- השמצה
- Directed by: Yoav Shamir
- Produced by: Sandra Itkoff Karoline Leth Philippa Kowarsky Knut Ogris
- Distributed by: First Run Features
- Release dates: February 5, 2009 (Berlinale); November 20, 2009 (United States);
- Running time: 91 minutes
- Country: Israel
- Languages: English Hebrew

= Defamation (film) =

2009 Israeli documentary film

Defamation (השמצה; translit. Hashmatsa) is a 2009 documentary film by Israeli filmmaker Yoav Shamir. It examines antisemitism, the way perceptions of antisemitism affect Israeli and U.S. politics, and explores the suggestion that claims of antisemitism are exaggerated or weaponized to stifle dissent against Israel. A major focus of the film is the Anti-Defamation League. Defamation won Best Documentary Feature Film at the 2009 Asia Pacific Screen Awards.

==Content==
The film examines whether antisemitic has become an all purpose label for anyone who criticizes Israel and the idea that some Jews' preoccupation with the past—i.e., the Holocaust—is preventing progress today. Shamir decided to make Defamation after a critic of an earlier film accused him of antisemitism.

Filmmaker Yoav Shamir states in the beginning of the film that as an Israeli he has never experienced antisemitism himself and wants to learn more about it since references to antisemitism in countries all over the world are common in the Israeli media.

The film includes interviews with Abraham Foxman, the head of the Anti-Defamation League, John J. Mearsheimer, co-author of New York Times best seller The Israel Lobby and U.S. Foreign Policy, Norman Finkelstein, a critic of Israeli government policy, as well as many other individuals. Defamation follows a group of Israeli high school students on a class trip to Poland where they tour Auschwitz, as well as a number of other notable Holocaust locations.

The film says that in 2007, the ADL reported a spike in antisemitism, claiming that there were 1,500 antisemitic incidents in the United States, yet when Shamir contacts the ADL they can only list minor incidents such as websites with inflammatory comments, letters from employees denied time off for a Jewish holiday, or people offended by a cop's use of the word "Jew." A case presented concerns about a group of African American boys, ages between 10 and 12, who pelted a school bus with rocks, breaking two windows.

Shamir interviews a rabbi who says that the hypervigilance of the ADL inflames relations between Jews and non-Jews in the United States. He finds that among his interviewees there is more sensitivity to antisemitism among secular Jews than religious ones.

==Reception==
After it was screened at the Tribeca Film Festival, the Anti-Defamation League's Abraham Foxman issued a statement denouncing the film, stating that it "belittles the issue (of antisemitism)... and cheapens the Holocaust. It is Shamir's perverse, personal, political perspective and a missed opportunity to document a serious and important issue."

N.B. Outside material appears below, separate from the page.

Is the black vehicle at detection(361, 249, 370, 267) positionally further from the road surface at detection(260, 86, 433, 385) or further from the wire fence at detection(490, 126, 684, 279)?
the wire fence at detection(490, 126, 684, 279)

The New York Times reviewer Neil Genzlinger states that while these ideas deserve a thorough and dispassionate discussion, Shamir has not provided it: "it feels like just another day on the Op-Ed page." The Boston Globe reviewer Ty Burr wrote "Unlike many agit-docs, Defamation wants to get you thinking, and it knows the epithet "self-hating Jew" can be used as a club by those who don't want you to think at all." His review was positive, highlighting how the film argues that raising "Israelis to define themselves as a nation of victims... is a disservice to modern complexities—and, not coincidentally, makes it almost impossible to see any other people as victims." The review in the Los Angeles Times praised the documentary for showing "how accusations of anti-Semitism can easily be exploited for political purposes." The reviewer commended the filmmaker for his fairness writing that "even though Defamation, which is sprinkled with unexpected moments of wry humor, will be inescapably controversial, Yoav Shamir strives admirably to be evenhanded."

In an interview for The Jerusalem Post about criticism on the film, Shamir said: "At the end of Defamation both Finkelstein and Foxman were cross with me. I felt like I did a good job".